Das Polizeipräsidium Unterfranken warnt vor sogenannten Callcenterbetrügern. Der jüngste Fall einer solchen Betrugsmasche ereignete sich am Mittwoch (6. April 2022) in Würzburg. Gegen 20 Uhr wurde eine 88-Jährige von einer Frau angerufen, die sich als ihre Enkelin ausgab.

Weinend bat sie die Seniorin um Hilfe. Angeblich sei sie in einen tödlichen Verkehrsunfall verwickelt gewesen und müsse nun eine Kaution hinterlegen, um nicht ins Gefängnis zu müssen.
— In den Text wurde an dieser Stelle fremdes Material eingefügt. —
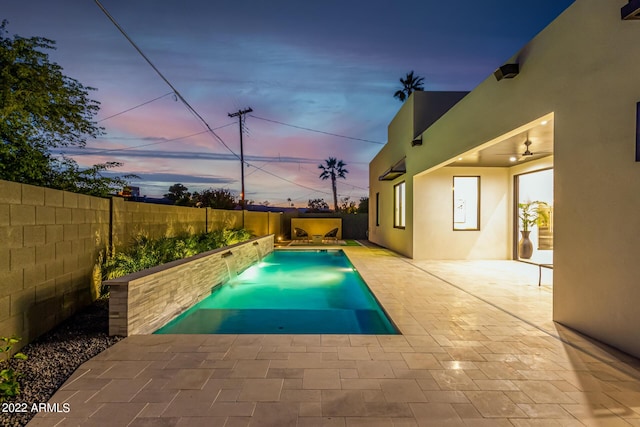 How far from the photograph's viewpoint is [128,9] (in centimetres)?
644

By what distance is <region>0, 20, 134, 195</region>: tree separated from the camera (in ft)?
14.9

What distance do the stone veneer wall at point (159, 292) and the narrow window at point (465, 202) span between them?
675cm

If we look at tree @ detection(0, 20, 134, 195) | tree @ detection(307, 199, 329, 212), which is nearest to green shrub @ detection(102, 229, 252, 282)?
tree @ detection(0, 20, 134, 195)

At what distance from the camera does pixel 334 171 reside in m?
37.2

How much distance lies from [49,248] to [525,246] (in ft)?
32.4

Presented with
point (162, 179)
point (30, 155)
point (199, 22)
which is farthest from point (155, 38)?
point (162, 179)

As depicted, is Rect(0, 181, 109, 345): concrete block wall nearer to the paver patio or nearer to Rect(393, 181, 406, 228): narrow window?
the paver patio

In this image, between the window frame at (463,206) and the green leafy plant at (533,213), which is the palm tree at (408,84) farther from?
the green leafy plant at (533,213)

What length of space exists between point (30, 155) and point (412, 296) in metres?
6.32

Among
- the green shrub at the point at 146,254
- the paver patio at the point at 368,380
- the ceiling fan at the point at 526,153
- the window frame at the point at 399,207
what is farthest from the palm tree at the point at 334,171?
the paver patio at the point at 368,380

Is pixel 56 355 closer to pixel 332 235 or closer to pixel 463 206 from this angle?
pixel 463 206

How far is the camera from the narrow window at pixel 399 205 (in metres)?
10.9

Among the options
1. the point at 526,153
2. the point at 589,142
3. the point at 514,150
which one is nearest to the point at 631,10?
the point at 589,142

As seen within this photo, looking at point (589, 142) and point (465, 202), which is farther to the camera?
point (465, 202) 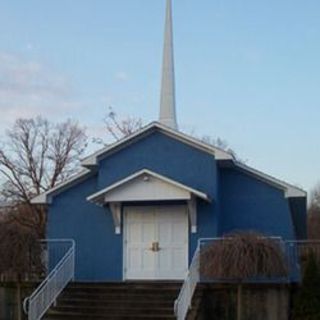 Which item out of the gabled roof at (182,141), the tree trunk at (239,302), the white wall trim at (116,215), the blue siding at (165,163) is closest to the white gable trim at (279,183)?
the gabled roof at (182,141)

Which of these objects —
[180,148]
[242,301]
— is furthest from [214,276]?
[180,148]

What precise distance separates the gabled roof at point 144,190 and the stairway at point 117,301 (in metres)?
2.53

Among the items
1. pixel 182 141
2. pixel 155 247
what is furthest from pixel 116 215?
pixel 182 141

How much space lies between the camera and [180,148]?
2141 centimetres

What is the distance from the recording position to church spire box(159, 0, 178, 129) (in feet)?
80.9

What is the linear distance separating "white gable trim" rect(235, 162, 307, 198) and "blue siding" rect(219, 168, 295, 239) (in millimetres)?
204

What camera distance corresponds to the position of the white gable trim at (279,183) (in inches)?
808

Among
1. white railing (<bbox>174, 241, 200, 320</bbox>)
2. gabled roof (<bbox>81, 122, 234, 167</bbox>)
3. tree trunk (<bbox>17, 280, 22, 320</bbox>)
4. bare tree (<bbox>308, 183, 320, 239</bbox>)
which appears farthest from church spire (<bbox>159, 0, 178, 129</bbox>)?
bare tree (<bbox>308, 183, 320, 239</bbox>)

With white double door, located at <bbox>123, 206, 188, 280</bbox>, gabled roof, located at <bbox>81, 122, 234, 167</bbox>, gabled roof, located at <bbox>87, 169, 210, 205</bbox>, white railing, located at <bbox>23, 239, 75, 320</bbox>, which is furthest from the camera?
white double door, located at <bbox>123, 206, 188, 280</bbox>

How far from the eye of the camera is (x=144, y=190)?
20797 mm

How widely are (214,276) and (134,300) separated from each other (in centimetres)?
249

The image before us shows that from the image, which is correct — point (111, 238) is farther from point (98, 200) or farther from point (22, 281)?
point (22, 281)

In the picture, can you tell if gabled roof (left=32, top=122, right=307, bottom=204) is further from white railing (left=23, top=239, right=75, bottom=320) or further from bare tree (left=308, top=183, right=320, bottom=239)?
bare tree (left=308, top=183, right=320, bottom=239)

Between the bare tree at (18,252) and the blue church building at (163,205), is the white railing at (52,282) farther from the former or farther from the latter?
the bare tree at (18,252) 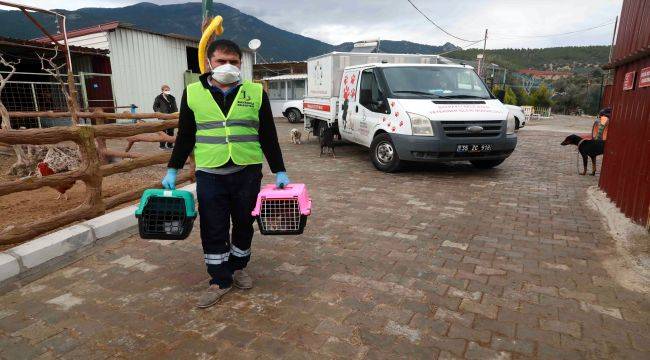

Nachdem noch weitere Anrufe folgten - von einer "Hauptkommissarin" und einem vermeintlichen Staatsanwalt - ließ sich die 88-Jährige auf ein Treffen ein.

Zeugen gesucht: Frau übergibt in Würzburg hochwertigen Schmuck an Betrügerin

Gegen 23 Uhr übergab sie in der Mariannhillstraße Schmuck im Wert von rund 20.000 Euro an eine bislang unbekannte Geldabholerin. Die Polizei ist auf der Suche nach Zeugen des Vorfalls.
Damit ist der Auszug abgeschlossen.